Así es como las comunidades parroquiales implicadas deberían leer y manejar la contingencia de su fusión. El primer paso es imaginarse como una comunidad (singular) en estado naciente, y no como una comunidad (plural) en transición burocrática. 

Como en los Evangelios y las Cartas, una comunidad que quiere situarse en estado naciente no es una comunidad que reniega de su propia historia, no es una creación ex nihilo que no tiene pasado ni recuerdos, porque está formada por el poderoso recuerdo de haberse reunido durante años y décadas para celebrar la Memoria del Señor. 
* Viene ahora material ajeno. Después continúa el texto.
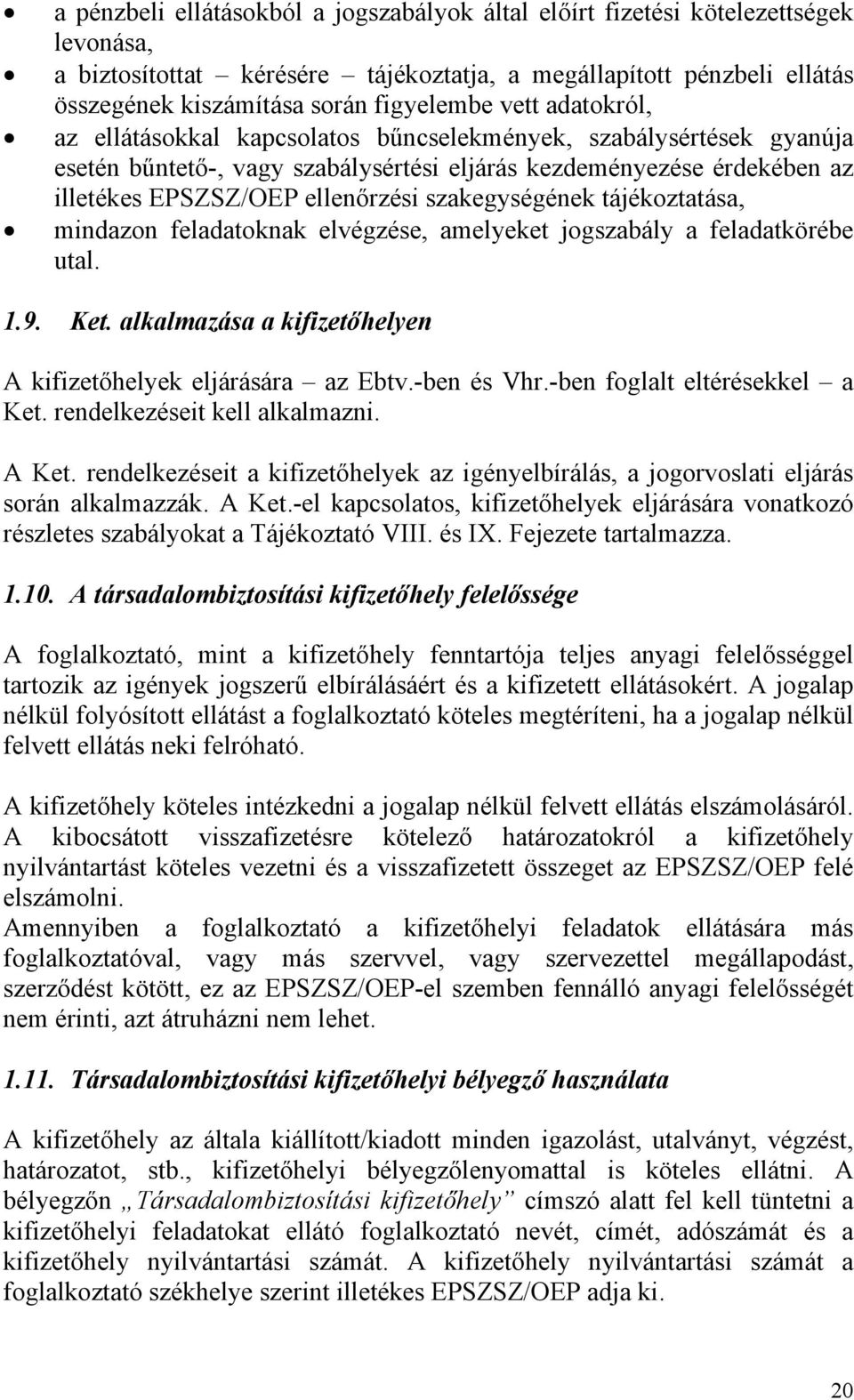 szakegységének tájékoztatása, mindazon feladatoknak elvégzése, amelyeket jogszabály a feladatkörébe utal. 1.9. Ket. alkalmazása a kifizetőhelyen A kifizetőhelyek eljárására az Ebtv.-ben és Vhr.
La comunidad en estado naciente inserta la historia que la ha hecho y moldeado en una situación nueva y diferente, la interpreta a partir de esta última (que incluye también los enormes y profundos cambios del «territorio» que representa el referente constitutivo del ser parroquia), e imagina una nueva forma de ser. 

San Pablo me sigue pareciendo una referencia esclarecedora y poderosa para acompañar a una comunidad naciente a cultivar una fidelidad generativa a la historia que la ha hecho. 

Entender la fusión de las parroquias como un acontecimiento del tiempo mesiánico significa hacer de la fidelidad a la propia historia de comunidad una fuerza generadora y no un resentimiento nostálgico por algo que ya no podremos ser. 

Generar es el gesto más íntimo y arriesgado de la fidelidad a la propia historia, el que se atreve a soñar un futuro como espacio de libertad entregado a historias que ya no serán nuestras, pero que no existirían si ella no hubiera existido. 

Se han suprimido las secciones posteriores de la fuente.